What did Rove do, exactly? Sen. Arlen Specter, R-Pa., put it this way: "President Bush and Rove—let's face facts squarely—were very concerned with 4 million votes they left behind in 2000. They didn't leave them behind this time."
Specter was talking about evangelical Christians. For four years, Rove has lamented the fact that evangelicals didn't show up in expected numbers in 2000, possibly because of the late-breaking story of Bush's drunk-driving arrest. As president, Bush reached out to Christian conservatives by taking strong, clear positions in opposition to abortion, embryonic stem-cell research, and same-sex marriage. Rove reached out to them with an army of volunteers. "We have 1.4 million this time," Rove said, compared with "the low several hundreds" four years ago.
Democrats see a stealth army of evangelical voters, organized below the media's radar, that pulled a surprise attack on Election Day and overwhelmed them at the polls. Didn't network exit polls show "moral values" as the No. 1 issue of concern to voters this year?
Yes, but the 22 percent who cited moral values didn't exactly dominate the electorate. They stood out because the voters were otherwise so divided on the issues. The 47 percent who cited the economy, Iraq, health care, or education strongly favored John Kerry. Bush's issues—terrorism, moral values, and taxes—were cited by a total of 46 percent.
Evangelicals did vote in large numbers, and they went nearly 4-to-1 for Bush. Rove's strategy of rallying the party's conservative base worked. But that's not the whole story of this election. Most voters on November 2—55 percent, about the same as in 2000—thought that abortion should remain legal in all or most cases. Sixty percent favored legal recognition of same-sex relationships.
The voters this year were not any more religious than in the past. Four years ago, 42 percent of voters said they went to religious services once a week or more. This year? Forty-one percent.
Were religious voters more for Bush? In 2000, Bush carried 59 percent of the vote among churchgoers. This year? Sixty-one percent, a mere 2-point gain. Compare non-churchgoers. Their support for Bush went from 41 to 44 percent, a 3-point gain.

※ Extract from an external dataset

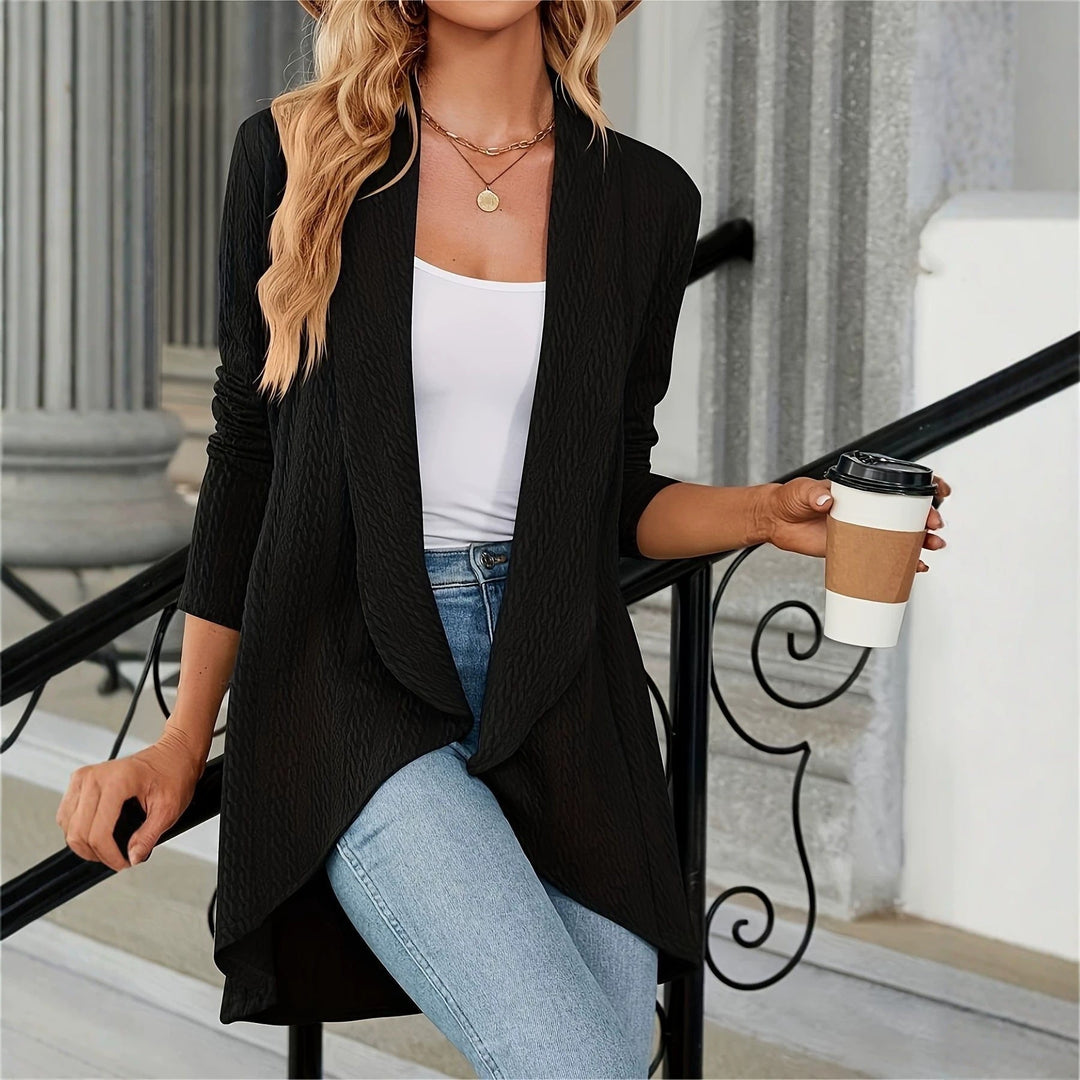 Open front women's blazer with a sophisticated draped lapel. A versatile jacket for business attire or smart casual looks.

Issues like abortion, gay rights, and stem-cell research are some of the most divisive issues among the electorate. So it's easy to read Rove's strategy as "divide and conquer." But that's not what happened.
Rove's GOP critics were fearful that a sharp-edged campaign to rally the conservative base would end up alienating moderate voters. But as Bush campaign manager Ken Mehlman told The Washington Post, the campaign advisers were confident that they could simultaneously "reach out to and expand the base and expand support among ticket-splitting swing voters." That's what happened.

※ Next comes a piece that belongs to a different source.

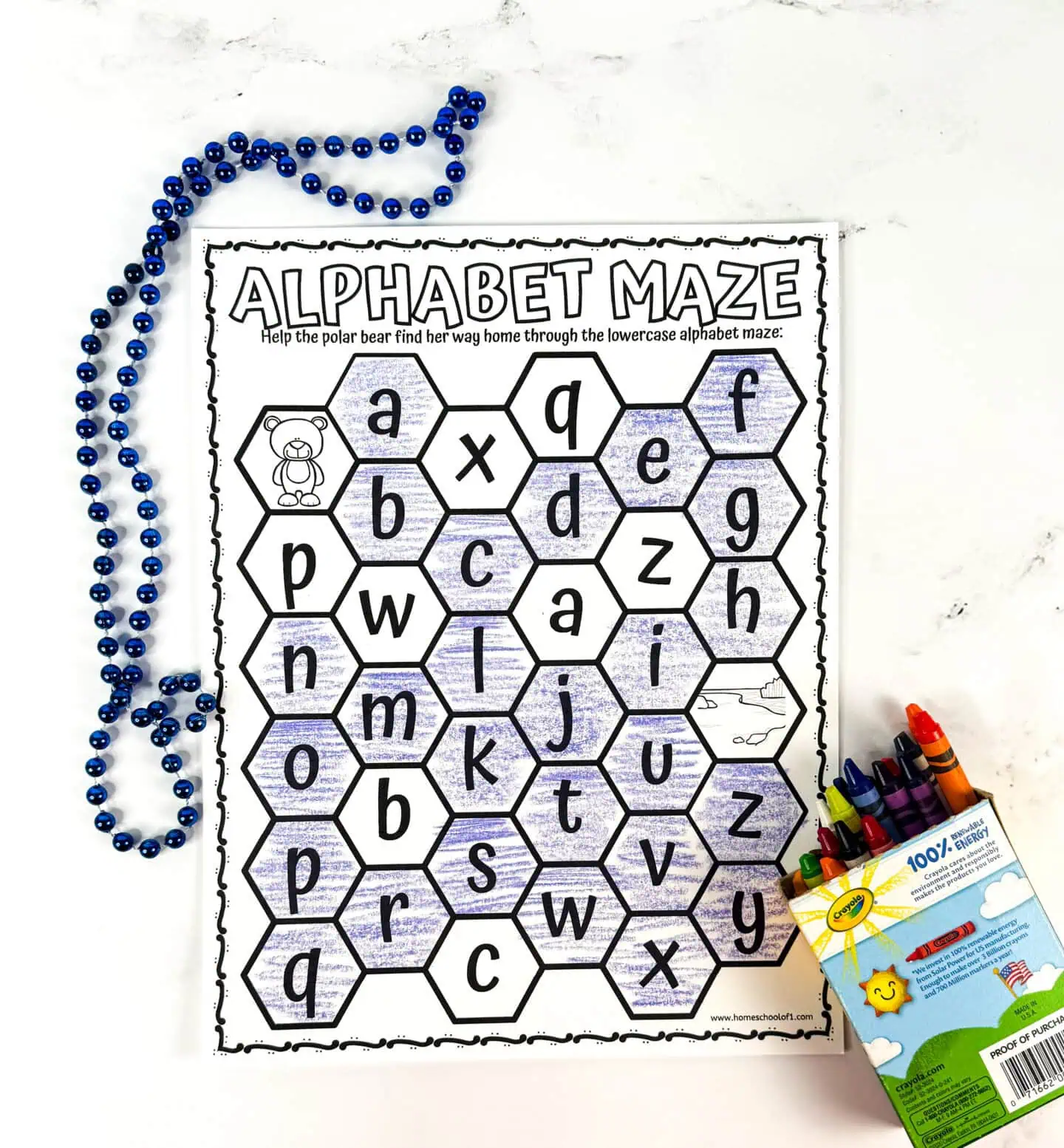 polar bear alphabet maze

Rove's achievement was not to energize the party's conservative base. It was to do so without alienating moderates. From 2000 to 2004, Bush's support held steady among moderates and independents. He made impressive gains among married women, Hispanics, and Catholics—despite the fact that his challenger was Catholic. Bush had something going for him besides religion and hard-edged conservative values. When asked what mattered most to them in deciding how to vote, Bush voters put strong leadership and clear stands on the issues at the top of the list. Strong religious faith came fourth.
That was Rove's doing, too.
For eight months, the Bush campaign kept up a relentless attack on Kerry as a flip-flopper. It started on March 3, when Bush said, "Senator Kerry has been in Washington long enough to take both sides on just about every issue." It ended at midnight the night before the election. At his final campaign rally in Dallas, Bush recounted Kerry's vote against funding for the troops in Iraq. "And then he entered the flip-flop hall of fame," Bush said. "And as he entered that hall of fame, he said, 'I actually did vote for the $87 billion before I voted against it.' "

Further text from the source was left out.